I shot him a “don’t push me” look. “Okay, well,” I began, “all I know is that in grad school, they said it was a pseudoscience that kind of died out in the Eighties. They also said that a lot of scam artists were involved, and it had ties to the occult. And I’ve seen that reality TV show Ghost Trappers; they mention parapsychology on there sometimes.”
“Not bad,” Vani said. “Ghost Trappers is the extent of many people’s exposure. Allow me to tell you what parapsychology really is.” She turned to the board and wrote the definition as she spoke it. “It’s the scientific study of psychological phenomena that cannot be explained by the known laws of nature.”
So it was an actual field of study? I sat up straighter in my chair. “You mean things like aura reading, and being an empath?”
“Exactly.” Vani pointed to the hand she’d drawn. “There are five categories of these phenomena. The first is psychokinesis, in which the mind interacts with other people or objects from a distance. There are several sub-categories—the most well-known being telekinesis—but the only one we use here is psychic healing, which encompasses empathic submergence and empath healing.”
“Empath healing is the technique I told you about earlier,” Ben added.
“Right, I remember,” I said, trying to look cool rather than incredulous. “But wait, telekinesis? Isn’t that moving things with your mind?”
“Yes, although the jury’s still out on whether that exists,” Vani said. “Personally, I’ve never seen any evidence of it.”
“That’s because it’s bogus,” Ben grumbled.
Kai tsk-tsked. “Well, aren’t we judgy this afternoon.”
“As I was saying,” Vani said crisply, “that’s the first category.” She wrote “psychokinesis” along one finger of the hand. “The second category is clairvoyance, or the ability to see and know things about people or objects that others can’t. Aura reading fits in here, along with your other empathic gifts.”
In answer to my questioning look, Ben said, “Your abilities to pick up on other people’s emotions and to form the filaments you told us about.”

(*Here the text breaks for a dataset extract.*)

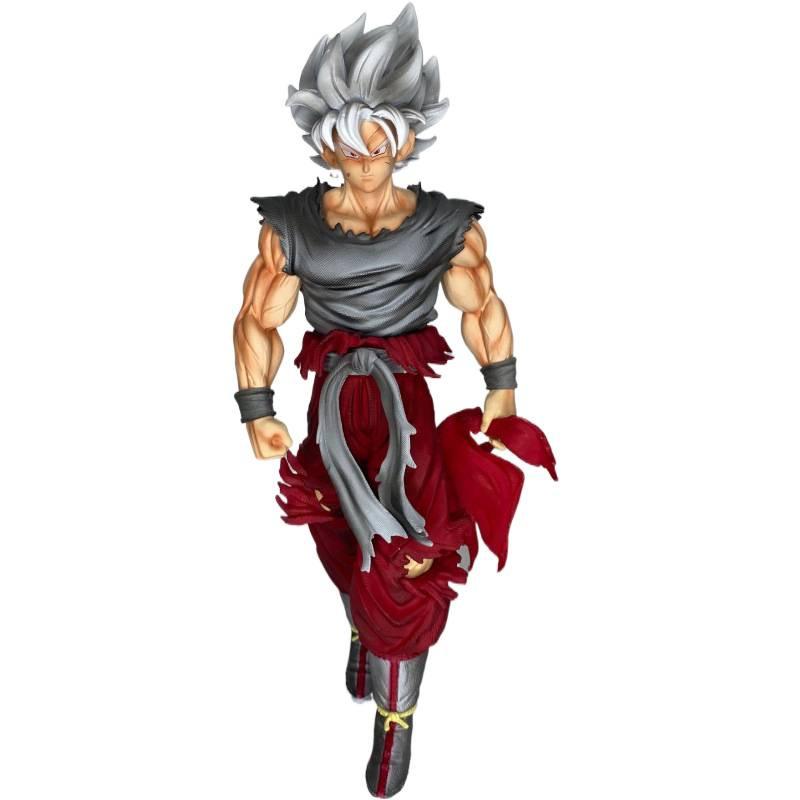 Dragon Ball surrounding statues, unicorn super blue Wukong single character figure Saiyan doll model ornament, gift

I nodded, feigning comprehension.
Vani wrote “clairvoyance” on the second finger. “Third is mediumship, or the ability to communicate with the spirits of the dead. I know you must have heard of that, Cate.”
“Yes.” Those scam psychic hotlines—and any number of scary movies I’d watched in high school that featured psychics sitting in dark rooms, wearing turbans and hoop earrings and staring into crystal balls.
Kai held out his arm and pretended to examine his fingernails. “That’s my area of expertise, in case you were wondering.”
“Oh, wow.” I forced myself to smile and nod. Kai, a medium; that seemed to fit. Anyone who believed they could talk to the dead must have an extremely fertile imagination, and Kai definitely had one if he believed in crystals and totems. Not that I doubted Kai’s sincerity, just his sense of reality.